In rectangle $ABCD$, points $E$ and $F$ lie on sides $BC$ and $CD$ respectively. Point $F$ is the midpoint of $CD$ and $BE=\frac13BC$. Segments $AC$ and $FE$ intersect at point $P$. What is the ratio of $AP$ to $PC$? Express your answer as a common fraction.
I'm not sure where to start, do I need to use the fact that $FCE$ is a right triangle, or just the ratios, any help would be appreciated.
On
Using vector method, let $D$ be the origin.
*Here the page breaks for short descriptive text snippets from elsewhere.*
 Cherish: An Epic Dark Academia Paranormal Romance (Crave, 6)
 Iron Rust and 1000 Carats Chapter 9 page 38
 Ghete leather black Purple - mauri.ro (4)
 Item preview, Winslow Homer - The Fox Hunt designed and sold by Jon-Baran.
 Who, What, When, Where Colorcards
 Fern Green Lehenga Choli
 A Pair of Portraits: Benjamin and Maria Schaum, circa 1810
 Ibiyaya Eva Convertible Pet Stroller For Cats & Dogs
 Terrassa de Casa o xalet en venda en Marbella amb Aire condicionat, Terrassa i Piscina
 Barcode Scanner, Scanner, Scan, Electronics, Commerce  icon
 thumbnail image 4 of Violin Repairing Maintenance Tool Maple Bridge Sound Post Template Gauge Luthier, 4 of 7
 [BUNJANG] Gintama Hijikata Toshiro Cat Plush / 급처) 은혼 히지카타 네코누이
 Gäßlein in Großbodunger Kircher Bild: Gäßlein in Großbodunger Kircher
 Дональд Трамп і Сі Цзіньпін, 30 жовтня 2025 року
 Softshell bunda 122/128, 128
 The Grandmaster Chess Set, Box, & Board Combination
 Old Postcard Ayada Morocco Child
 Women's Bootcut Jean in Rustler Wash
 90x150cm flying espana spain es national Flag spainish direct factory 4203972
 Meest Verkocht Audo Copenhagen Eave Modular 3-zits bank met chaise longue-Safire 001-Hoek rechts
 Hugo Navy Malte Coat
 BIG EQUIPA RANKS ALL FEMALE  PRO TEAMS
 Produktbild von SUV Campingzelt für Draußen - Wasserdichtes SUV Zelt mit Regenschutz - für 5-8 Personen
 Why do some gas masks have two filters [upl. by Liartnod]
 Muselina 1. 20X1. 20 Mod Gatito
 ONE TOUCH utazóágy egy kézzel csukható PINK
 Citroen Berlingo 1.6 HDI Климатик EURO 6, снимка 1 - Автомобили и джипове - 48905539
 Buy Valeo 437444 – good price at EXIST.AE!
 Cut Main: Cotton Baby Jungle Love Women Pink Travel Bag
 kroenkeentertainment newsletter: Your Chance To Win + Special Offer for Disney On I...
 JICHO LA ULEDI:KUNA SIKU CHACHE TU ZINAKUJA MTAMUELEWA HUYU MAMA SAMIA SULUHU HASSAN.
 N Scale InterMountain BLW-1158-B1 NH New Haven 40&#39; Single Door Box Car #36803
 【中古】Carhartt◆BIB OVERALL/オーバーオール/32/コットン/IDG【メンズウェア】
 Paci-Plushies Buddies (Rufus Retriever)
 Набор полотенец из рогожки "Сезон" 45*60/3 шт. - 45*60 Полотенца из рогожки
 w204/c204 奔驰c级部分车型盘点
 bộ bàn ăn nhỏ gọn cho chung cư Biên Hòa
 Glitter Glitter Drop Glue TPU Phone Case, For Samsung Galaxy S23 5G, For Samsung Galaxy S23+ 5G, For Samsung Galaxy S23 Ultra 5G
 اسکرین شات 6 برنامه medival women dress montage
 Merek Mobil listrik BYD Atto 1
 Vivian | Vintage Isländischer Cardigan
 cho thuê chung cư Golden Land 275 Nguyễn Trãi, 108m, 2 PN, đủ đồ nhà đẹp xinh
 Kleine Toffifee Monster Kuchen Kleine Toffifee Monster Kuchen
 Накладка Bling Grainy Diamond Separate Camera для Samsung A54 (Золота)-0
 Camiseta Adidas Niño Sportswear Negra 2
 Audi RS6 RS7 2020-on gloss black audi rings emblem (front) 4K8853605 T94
Let $P$ divide $AC$ in ratio $k:1$, so $\vec{DP}=\frac{k\vec{DC}+\vec{DA}}{k+1}$
Also, let $P$ divide $EF$ in ratio $m:1$, we again get $\vec{DP}=\frac{m\vec{DF}+\vec{DE}}{m+1}$
Can you now proceed?
On
The lines $y=\frac{2}{3}x$ and $y=\frac{3}{2}-\frac{x}{2}$ intersect at $x=\frac{9}{7}$, hence by Thales' theorem $$ \frac{AP}{PC} = \frac{3+\frac{9}{7}}{3-\frac{9}{7}}=\color{red}{\frac{5}{2}}. $$ You are free to assume that $ABCD$ is a $6\times 3$ rectangle since linear maps preserve the ratios of segments cut on the same line.
On
Let's see the figure below:
From the similarity of the triangles $FCE$ and $BEQ$ we get that $a'=\frac a4$. Then from the similarity of the triangles $FCP$ and $PAQ$ we get that
$$\frac xy=\frac{a+\frac a4}{\frac a2}=\frac52.$$
On
$A = (0,0)$
$B = (x,0)$
$C = (x,-y)$
$D = (0,-y)$
$E = (x,-y/3)$
$F = (x/2,-y)$
$P = (tx,-ty)$
$P = \lambda E + (1-\lambda)F$
$tx = \lambda x + (1-\lambda)x/2 = \lambda x + x/2 - \lambda x/2 = (\lambda + 1/2 - \lambda/2) x $
$t = \frac{(\lambda + 1)}{2}$
$-\frac{(\lambda + 1)}{2}y = \lambda (-y/3) + (1-\lambda)(-y) = \lambda (-y/3) + -y + \lambda y = (\frac{2 \lambda}{3} - 1) y$
$-\frac{(\lambda + 1)}{2} = (\frac{2 \lambda}{3} - 1) \text{ iff } \lambda = \frac{3}{7} \text{ iff } t = \frac{5}{7} \text{ iff } 1-t = \frac{2}{7}$
$\text{Length of } AP = \sqrt{ (\frac{5}{7}x)^2 + (\frac{5}{7}y)^2}$
$\text{Length of } BC = \sqrt{ (\frac{2}{7}x)^2 + (\frac{2}{7}y)^2}$
ANS: $\frac{Len(AP)}{Len(PC)} = \frac {\frac{5}{7}} {\frac{2}{7}} = \frac {5}{2} $
Note: From $[\lambda = \frac{3}{7}]$ and $[1 - \lambda = \frac{4}{7}]$ we also get $\frac{Len(FP)}{Len(PE)} = \frac{3}{4}$ 'free of charge'.
Let the area of $ABCD$ be 12 units. From there we can see clearly see that
Now because the two triangles $AEC$ and $ACF$ share a common base, and $EF$ cuts them in a 5:2 ratio, $\frac{AP}{PC}=\frac52$.